Aim of the exercise: Repeat every line of the data exactly, but not the pictures.

Information shown:
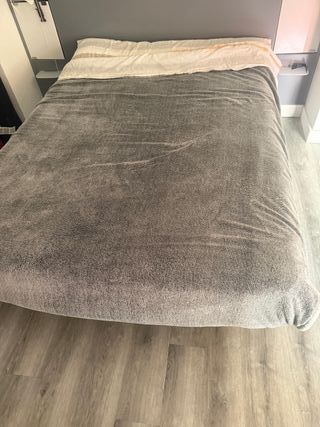 Mesa comedor + 6 sillas + sofá+ somier y colchon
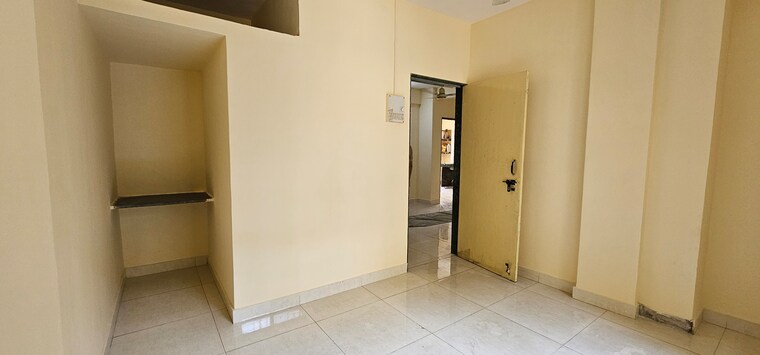 Room, rajas society 3 Bedroom 1200 Sq.Ft. Apartment In Rajas Society Pune 8559000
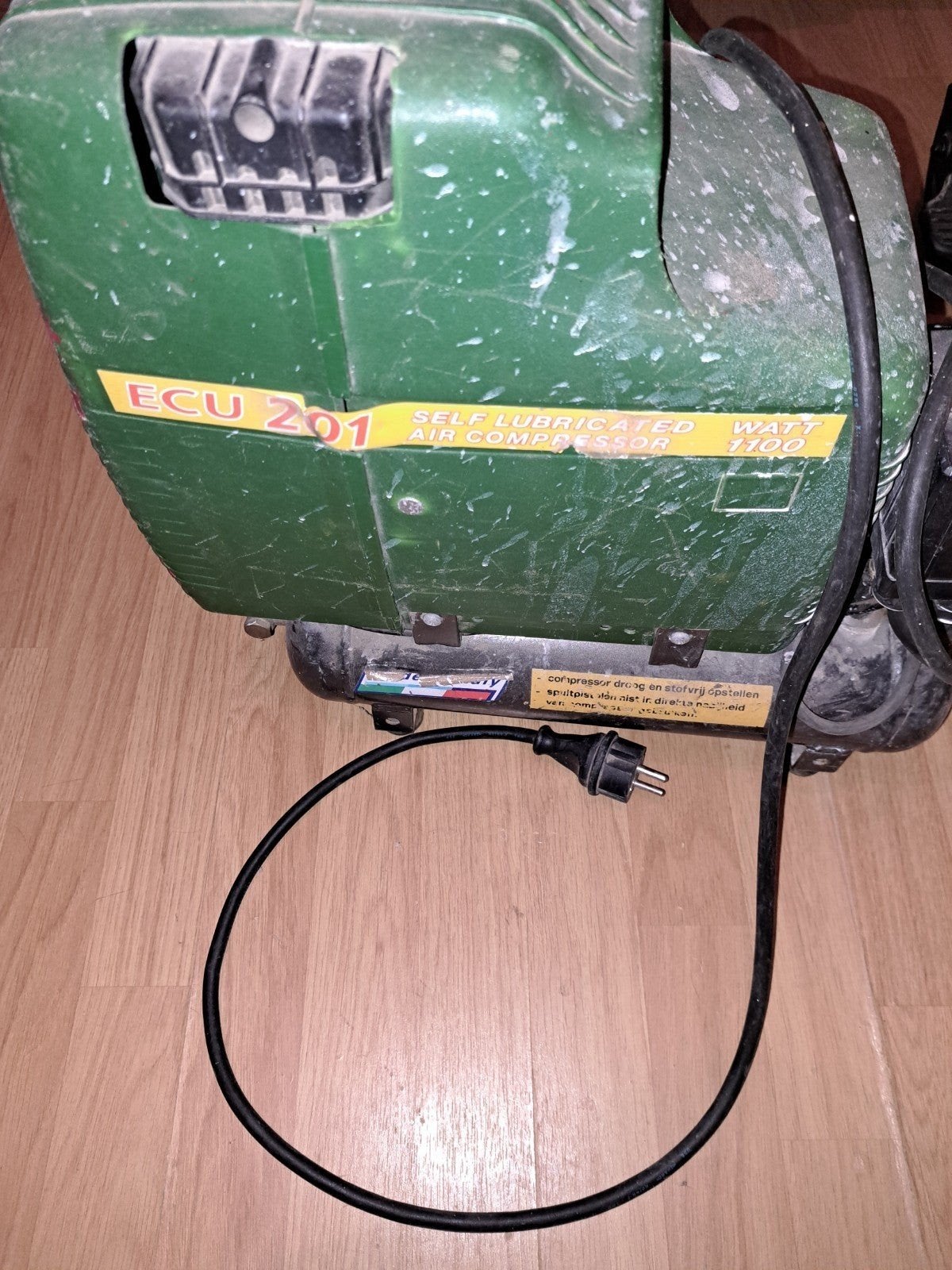 Compressor met tacker en slang - ProfiKIT ECU 201, Ophalen, Gebruikt, 6 tot 10 bar, Minder dan 200 liter/min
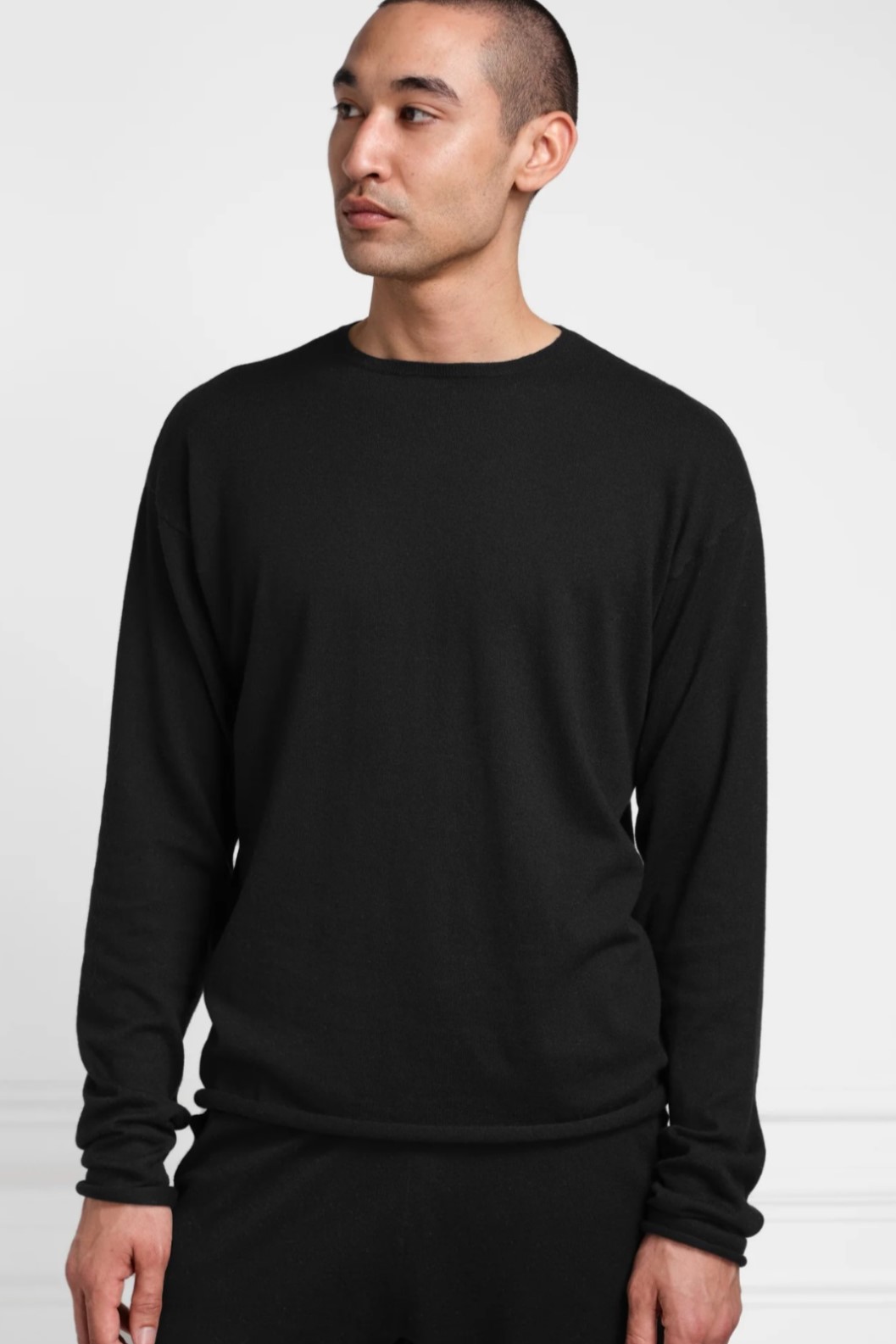 EXTREME CASHMERE Longsleeve N°347 Aries in Black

Response box:
 Mesa comedor + 6 sillas + sofá+ somier y colchon
 Room, rajas society 3 Bedroom 1200 Sq.Ft. Apartment In Rajas Society Pune 8559000
 Compressor met tacker en slang - ProfiKIT ECU 201, Ophalen, Gebruikt, 6 tot 10 bar, Minder dan 200 liter/min
 EXTREME CASHMERE Longsleeve N°347 Aries in Black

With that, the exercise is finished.